======== DATA FOR THIS TASK

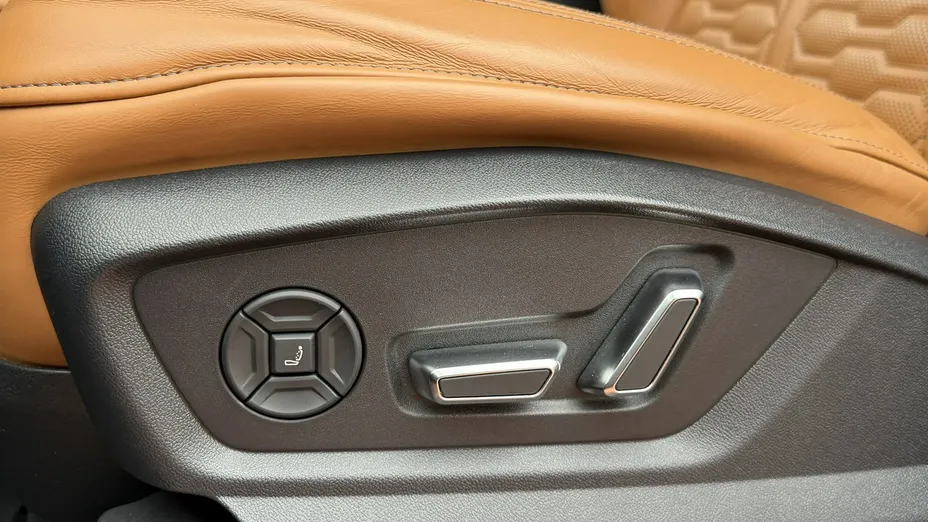 AUDI RS Q8 -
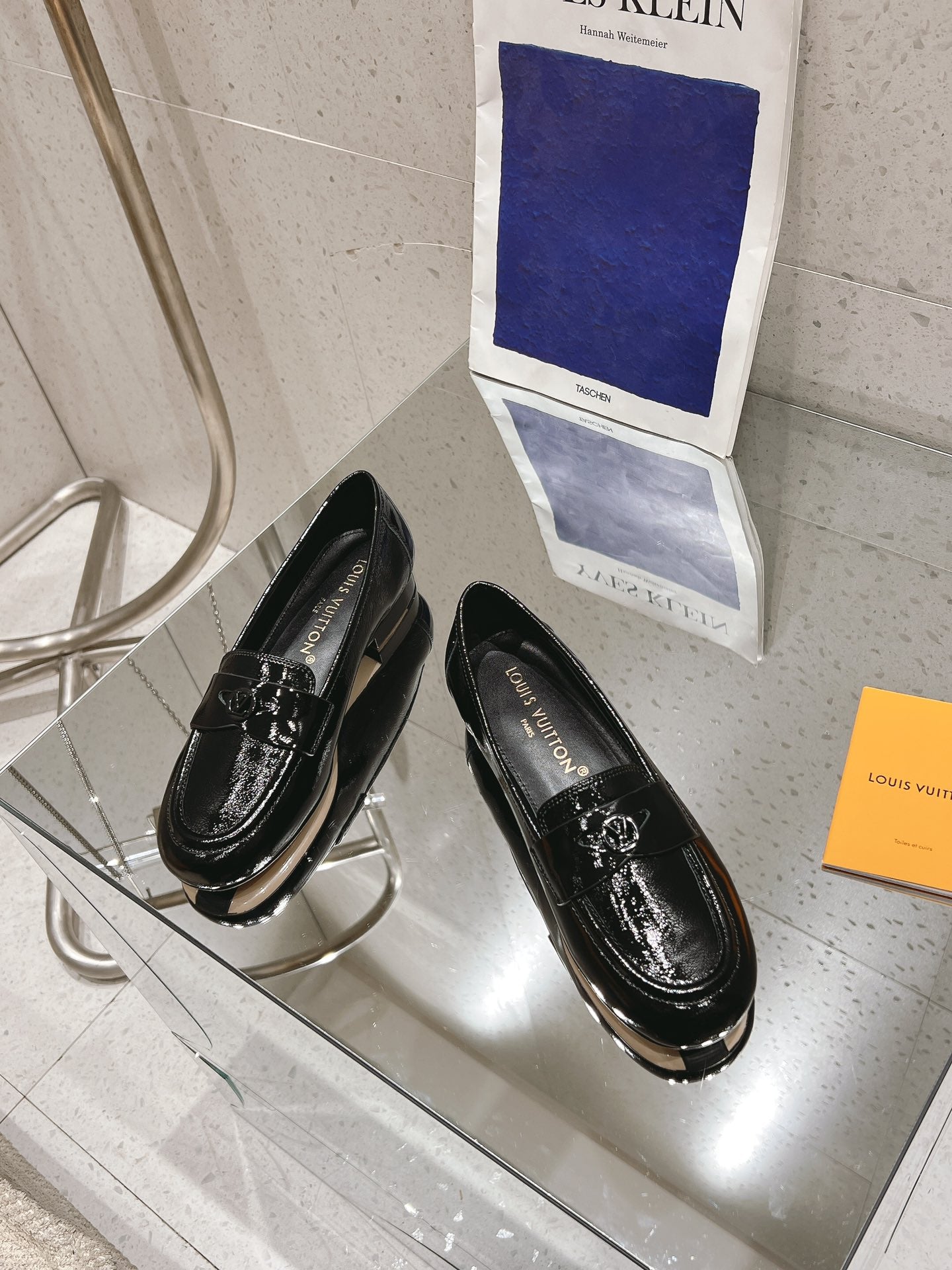 SOHO FLAT LOAFER IN BLACK GLOSSY CALFSKIN - 34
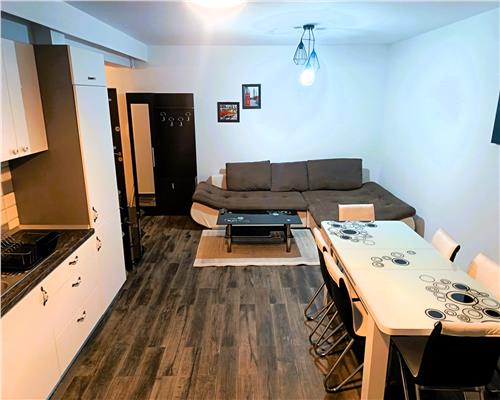 Apartament 3 camere 70 mpu si Balcon 12mp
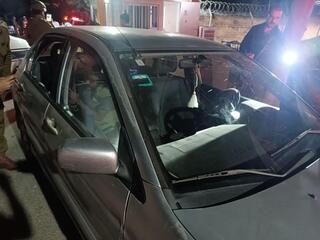 הרכב שנפגע מהירי בפיגוע בשומרון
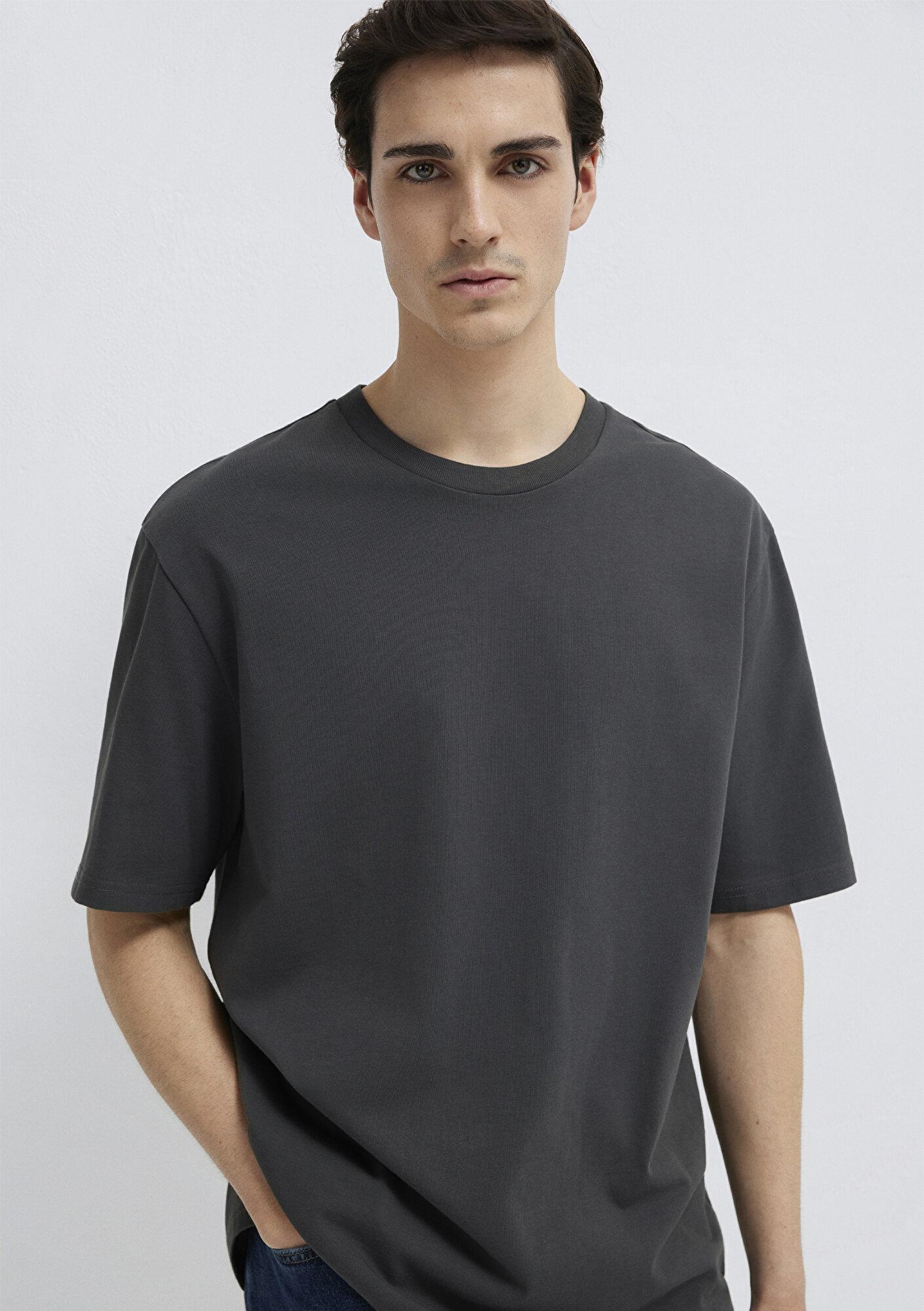 Mavi Logo Kol Detaylı Antrasit Basic Tişört Loose Fit / Bol Rahat Kesim 0611924-70092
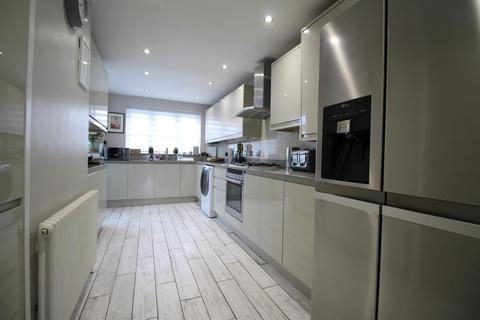 38 Biddall Drive, Manchester, M23 1PF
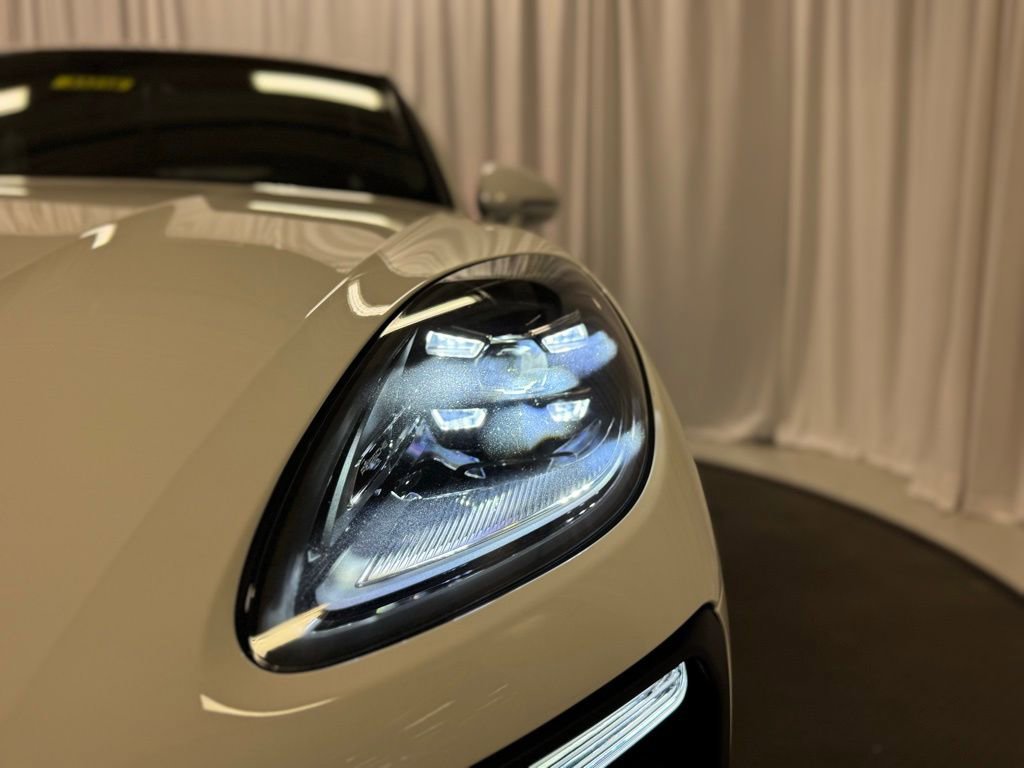 Certified 2026 Porsche Macan AWD/4WD image 42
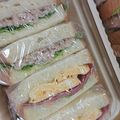 2児ママみきてぃ's cooksnap of when they made ベーコンエッグレタスサンドイッチ.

================

Where a record holds a picture, skip the picture and copy everything else exactly.

◆ **SOLUTION FOR THIS EXERCISE**:
 AUDI RS Q8 -
 SOHO FLAT LOAFER IN BLACK GLOSSY CALFSKIN - 34
 Apartament 3 camere 70 mpu si Balcon 12mp
 הרכב שנפגע מהירי בפיגוע בשומרון
 Mavi Logo Kol Detaylı Antrasit Basic Tişört Loose Fit / Bol Rahat Kesim 0611924-70092
 38 Biddall Drive, Manchester, M23 1PF
 Certified 2026 Porsche Macan AWD/4WD image 42
 2児ママみきてぃ's cooksnap of when they made ベーコンエッグレタスサンドイッチ.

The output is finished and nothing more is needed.